* [TASK REQUIREMENTS]
Every line of the listing belongs in your answer exactly as written; the images do not.

* [GIVEN DATA]
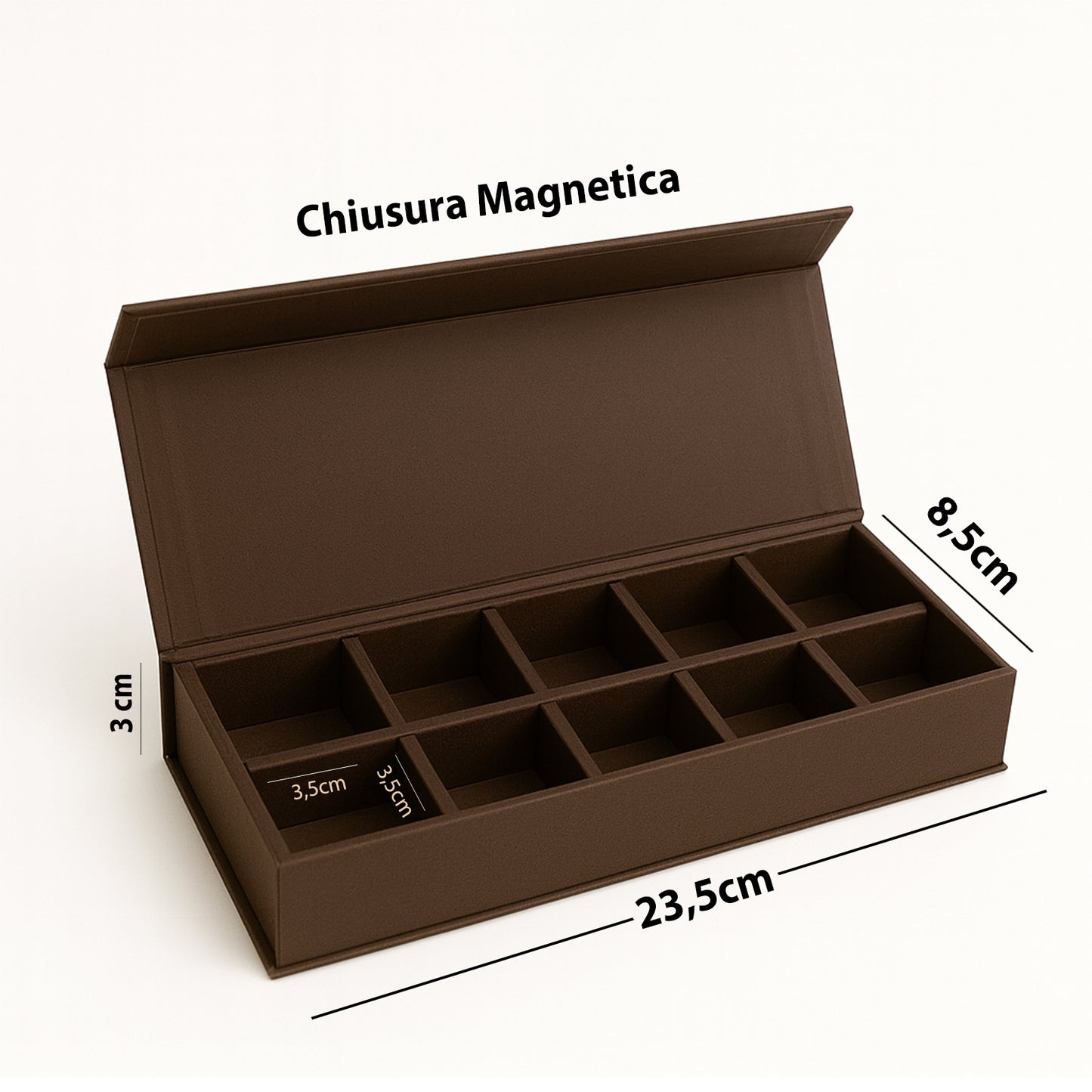 Scatola Premium Magnetica Rigida con 12 Scomparti per Praline e Cioccolatini – Personalizzabile - Cod. 01PM.00001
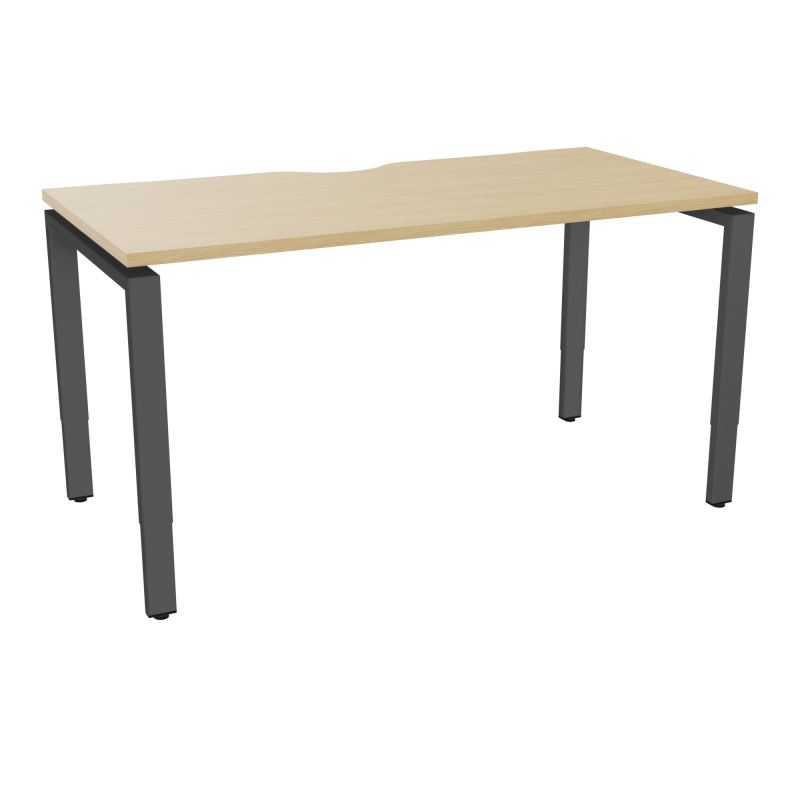 BUR RECT CONECT ECHANCRURE L140XP70CM PIEDS ARCHE RH FIN    R1 SC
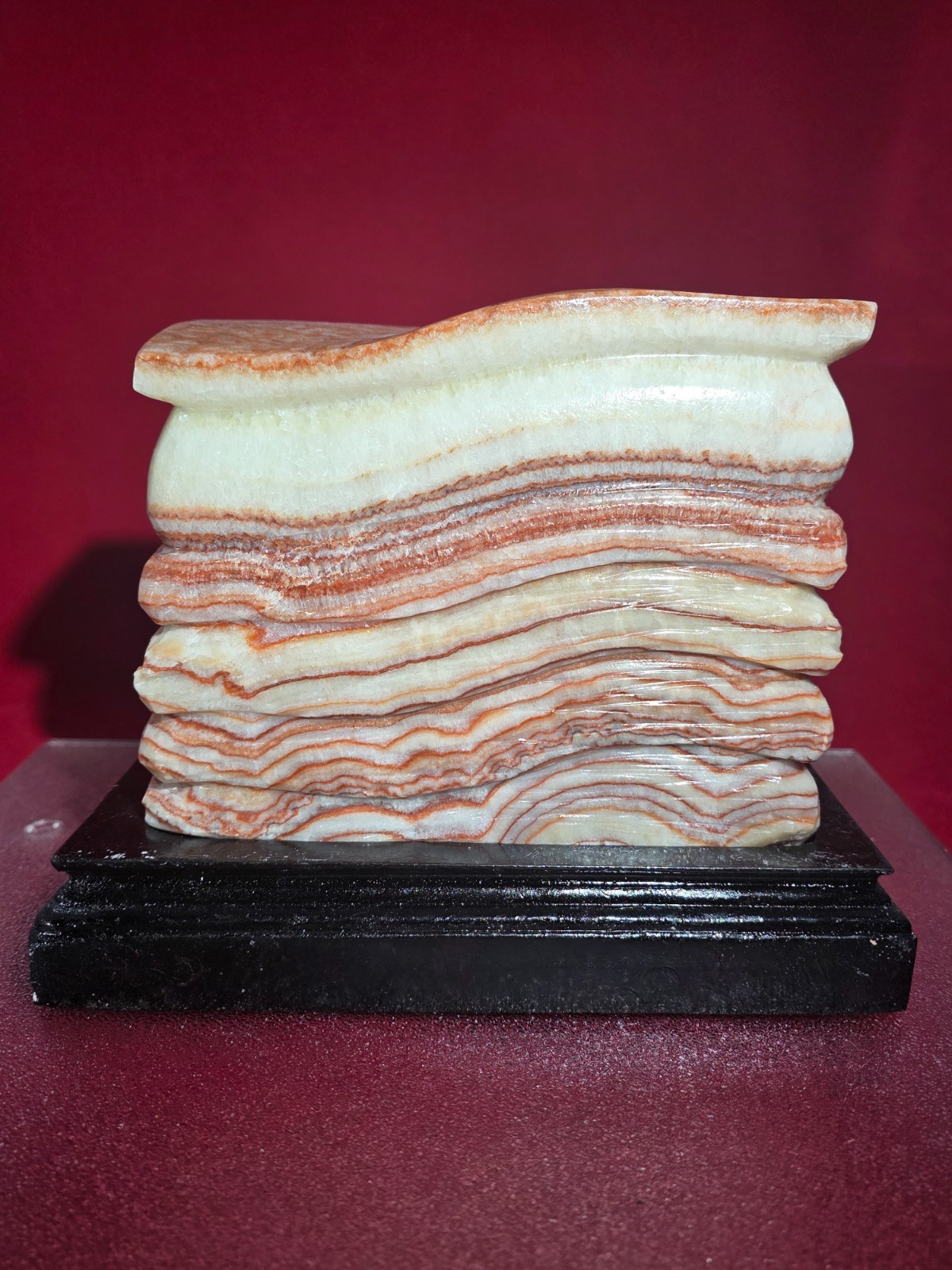 9.44 Lb Pork Stone Meat Specimen Crystal Rough w/Holder Display Reiki Healing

* [OUTPUT FOR THIS TASK]
 Scatola Premium Magnetica Rigida con 12 Scomparti per Praline e Cioccolatini – Personalizzabile - Cod. 01PM.00001
 BUR RECT CONECT ECHANCRURE L140XP70CM PIEDS ARCHE RH FIN    R1 SC
 9.44 Lb Pork Stone Meat Specimen Crystal Rough w/Holder Display Reiki Healing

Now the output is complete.